Suffering (death of a young child): Why Does God Allow People To Suffer or Die
In essence God doesn't allow for suffering, but we as humans because of sin suffer-- or so at least this is what the Bible tells us is the reason. It is hard to image it, but in the Bible it does say that he wages of sin is death (This was written by St. Paul). Yet, for some reason I've gone from understanding pain as an observer to someone who question why?
Or, more precisely why does God let us suffer? Not simply physical, but emotional and mental and even spiritual. Let me share my own experience of suffering. The loss of a loved one, one whom many people would assume a long life to.
The loss of a baby.
With my child's death I questioned my own faith and spirituality. I questioned why God would allow someone so young to die. I questioned my own faith and reason for belief. In this questioning, I hit a brick wall.
This brick wall caused my faith to diminished as I questioned the value of suffering and why I needed to suffer. I wondered what good my faith was. My brick wall seemed high and strong.
It wasn't.
I begged and I cried, and I prayed for my child to live, and yet he didn't. Then I got mad, angry, and bitter, of course I didn't understand that I was still young in my faith, and although I spent my whole life as a Christian this rocked my faith to its core. I began to believe God abandoned me. I took death of a loved one as a sign God wanted suffering in my life. It nearly broke my spiritual life. I stopped praying and communicating to God.
Tears of pain only cause the brick wall to grow strong. It was though time and help I began to pull down the wall.
It was only later when I began to understand that God doesn't allow suffering, in many ways he relieves suffering. My child was suffering and he needed relief. This I could not understand. I still don't. Yet I am at peace with that. With loss one must wonder why some never accept it and others do. why some suffer for a lifetime, never growing always hurting, and other come to terms with their suffering.
From my experience it is family and friends who knew when to speak and when not to. There were others who did speak when they shouldn't have but they also didn't know what to say in terms of comfort. This can increase suffering, and push away faith.

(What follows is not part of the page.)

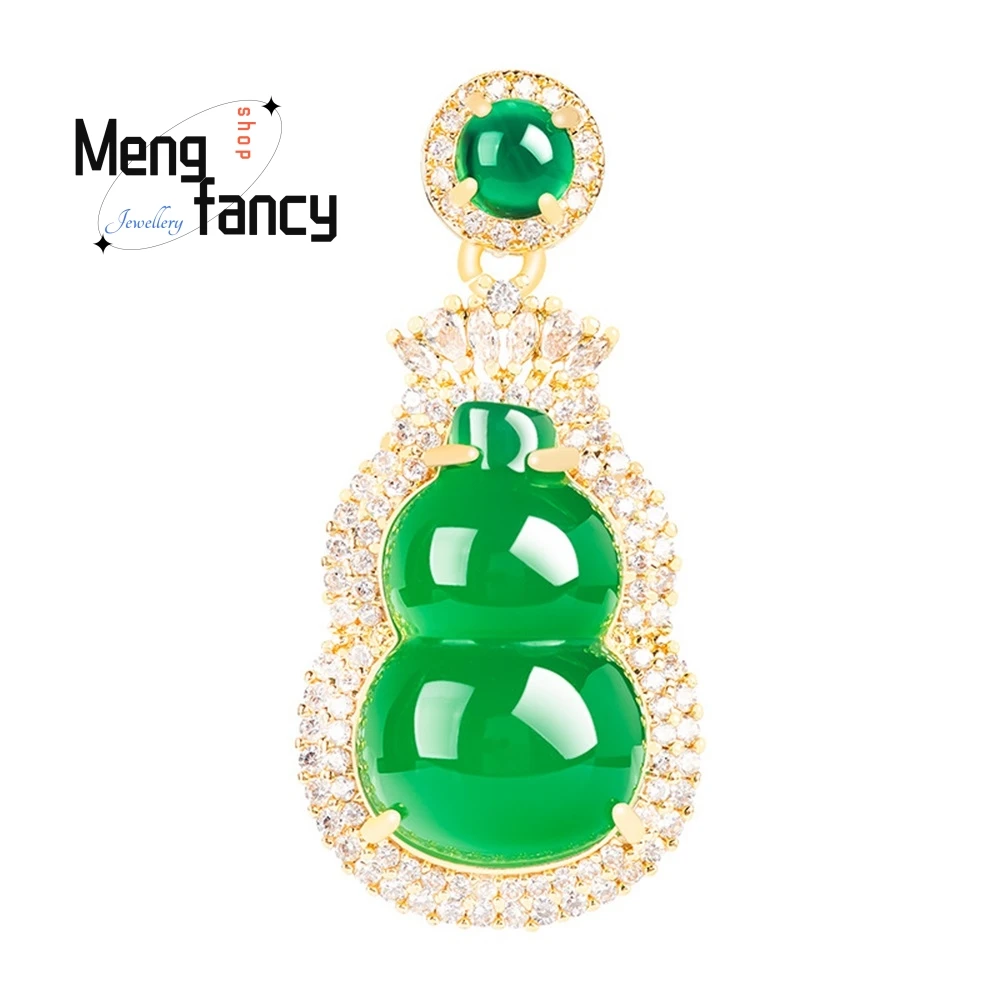 Authentic Natural Green Agate Calabash Copper Gold Plated With Ice Jade Pendant Women's Necklace Fashion Pendant Fine Jewelry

Death and loss scares and scars us, and yet, we wonder what we did to have this suffering. I must admit that God had nothing to do with my suffering, it was my frail body that couldn't understand the gift that was given to me at the time.
There are so many types of joys and sorrows, some are for good right away and some are for good long after the fact. During that time we suffer, it is also during that time that we grow. Or, at least I've come to the conclusion that we grow because of it.
Suffering is not a bad thing, I think that in the Bible many of the Old Testament and New testament people we so look up to and comment upon suffered. Jesus did the ultimate suffering and yet, he won the greatest thing, for us, eternal life.
I've learned that God doesn't allow us to suffer, we do, but he also allows us to grow, with either suffering or joy. Just like crying, it can be for both joy or sorrow. In the end it brought me closer and stronger in my faith.
My brick wall of suffering is growing smaller, although I feel that it will never leave but in the end, my faith has grown over it.